La reforma a la Ley 225-20, que regula la gestión de residuos sólidos en República Dominicana, ha generado preocupación en el sector empresarial. La modificación podría aumentar significativamente los recursos del Fideicomiso DO Sostenible, pasando de 3,000 millones a 9,000 millones de pesos anuales. Este incremento se lograría mediante el aumento de las contribuciones obligatorias del sector privado.

El proceso legislativo ha sido criticado por su rapidez, ya que fue aprobado de urgencia tanto en el Senado como en la Cámara de Diputados. La Asociación de Industrias de la República Dominicana (AIRD) ha expresado su preocupación por la falta de estudios técnicos que justifiquen el aumento de las contribuciones. Además, se cuestiona la transparencia en la administración de los recursos por parte del fideicomiso.

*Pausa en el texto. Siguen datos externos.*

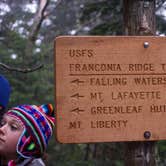 Review photo of Lafayette Place Campground — Franconia Notch State Park by Asher K., September 1, 2018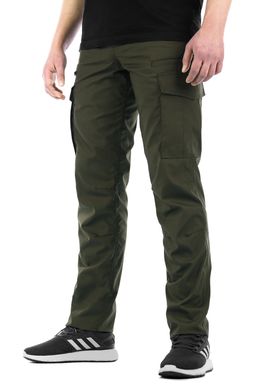 Tempest - Explorer M2 Spodnie bojówki w stylu militarnym z bocznymi kieszeniami, oliwa, ripstop M2_olive_rs фото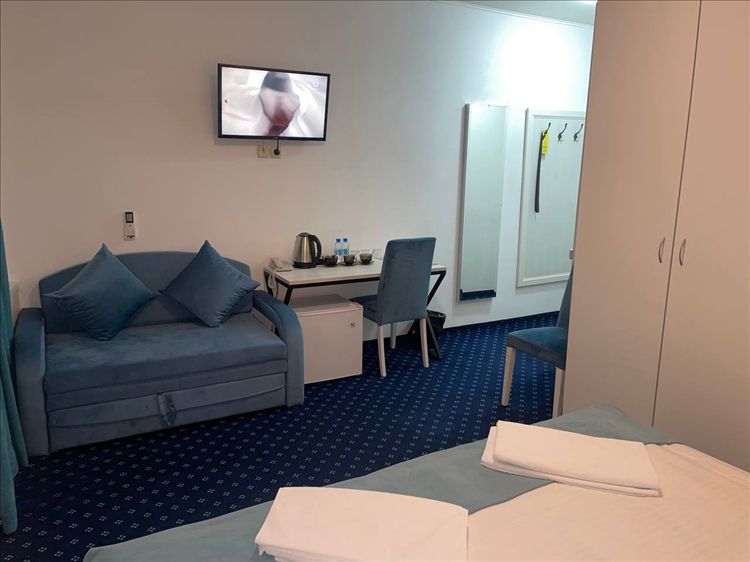 Комфорт 2-местный DBLTWIN Плюс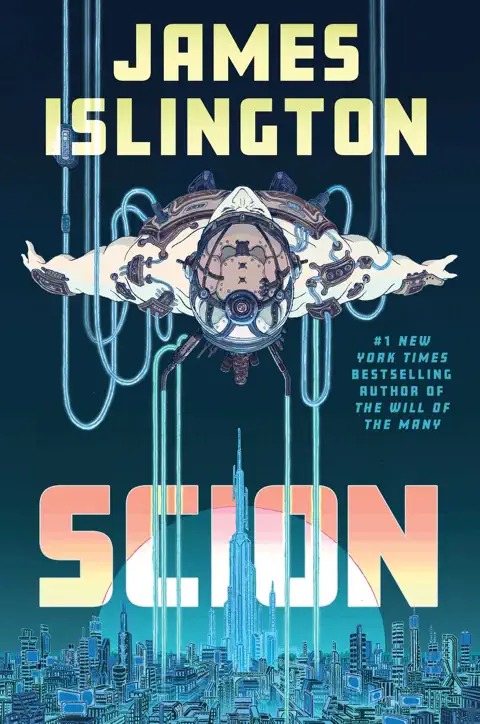 Scion artwork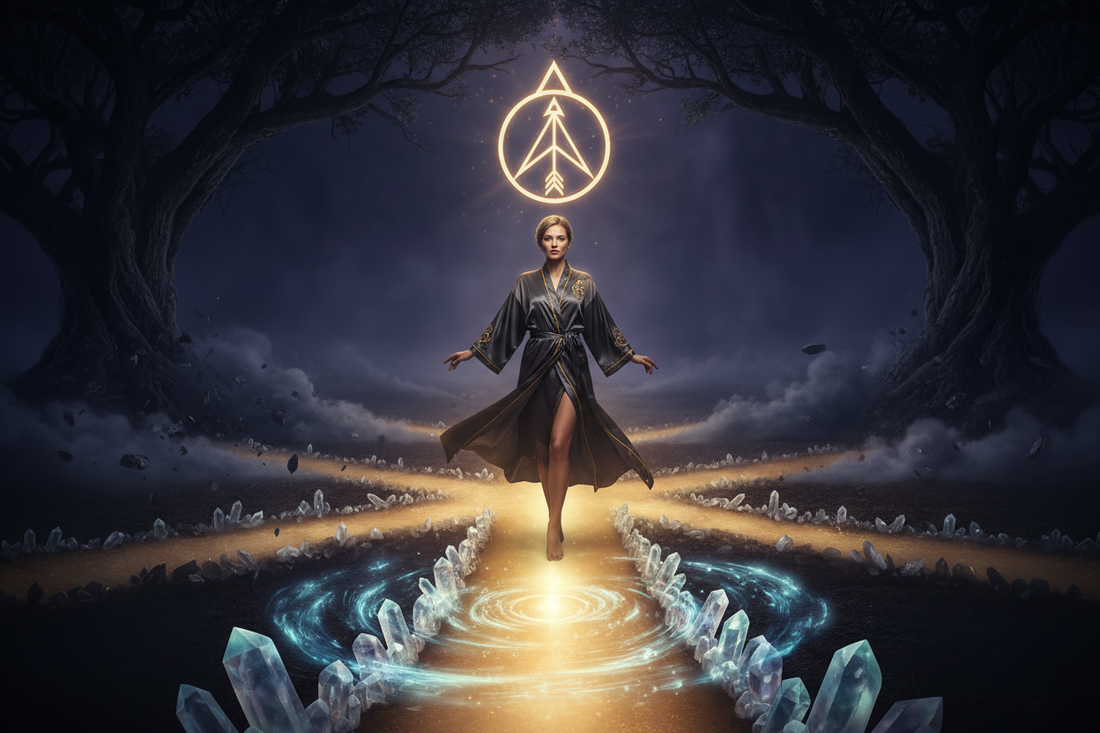 Decision-Making Sigils: Choosing with Confidence - Nicole's ritual universe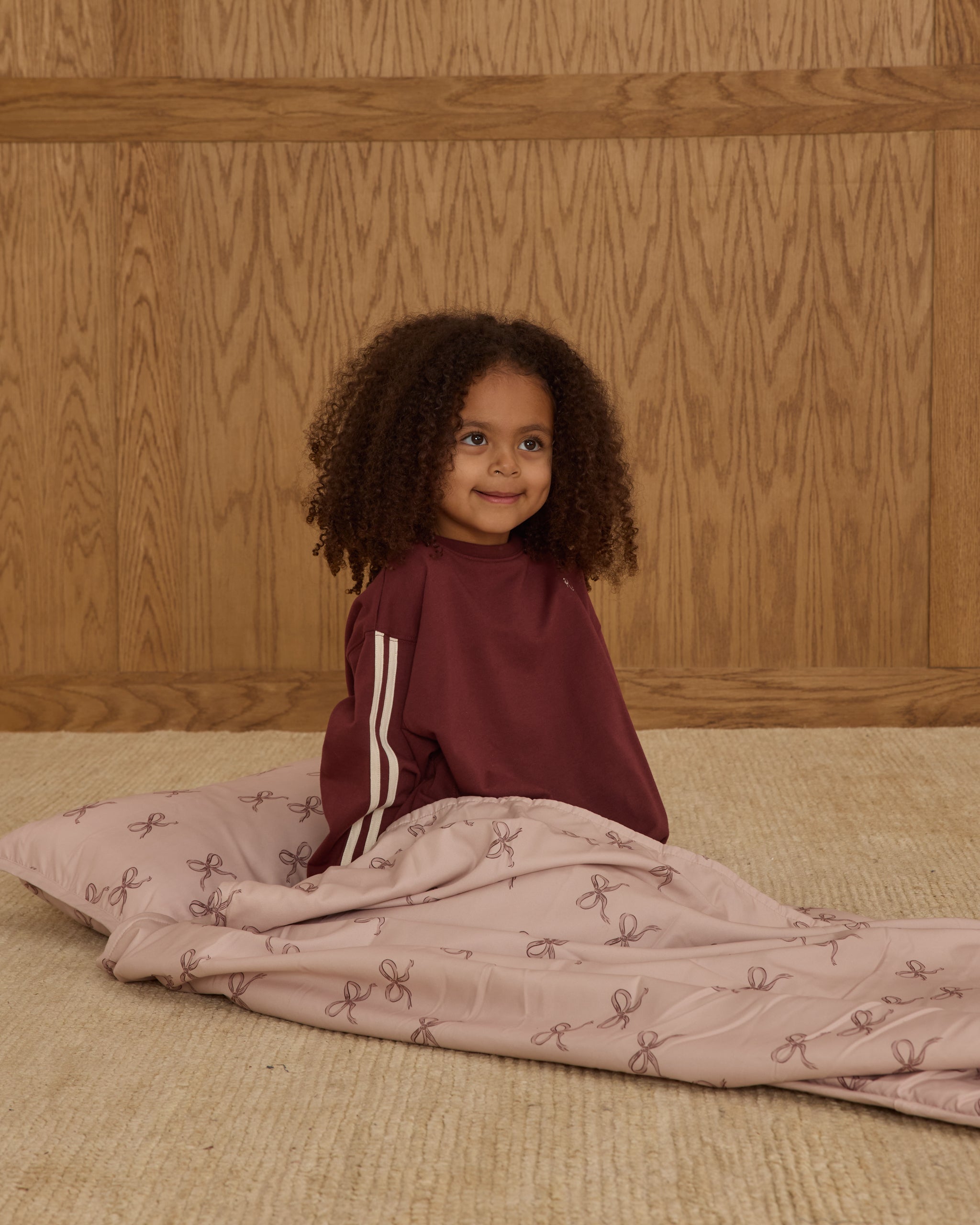Nap Mat | Bows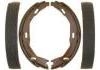 刹车蹄片 Brake Shoe Set:004 420 86 20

El Fideicomiso DO Sostenible, encargado de gestionar estos recursos, ha sido objeto de críticas por la falta de claridad en sus procesos de contratación y administración. A pesar de publicar parte de su información institucional, no se han sistematizado los contratos de manera accesible para el público. La AIRD y otros sectores han advertido sobre el impacto económico que podría tener esta reforma en las empresas y en el precio de las viviendas.

El debate se centra en la necesidad de aumentar los recursos para la gestión de residuos sólidos y en la transparencia del manejo de estos fondos. Las preguntas sobre la justificación técnica para el aumento de las contribuciones y los criterios de contratación de gestores privados siguen sin respuesta.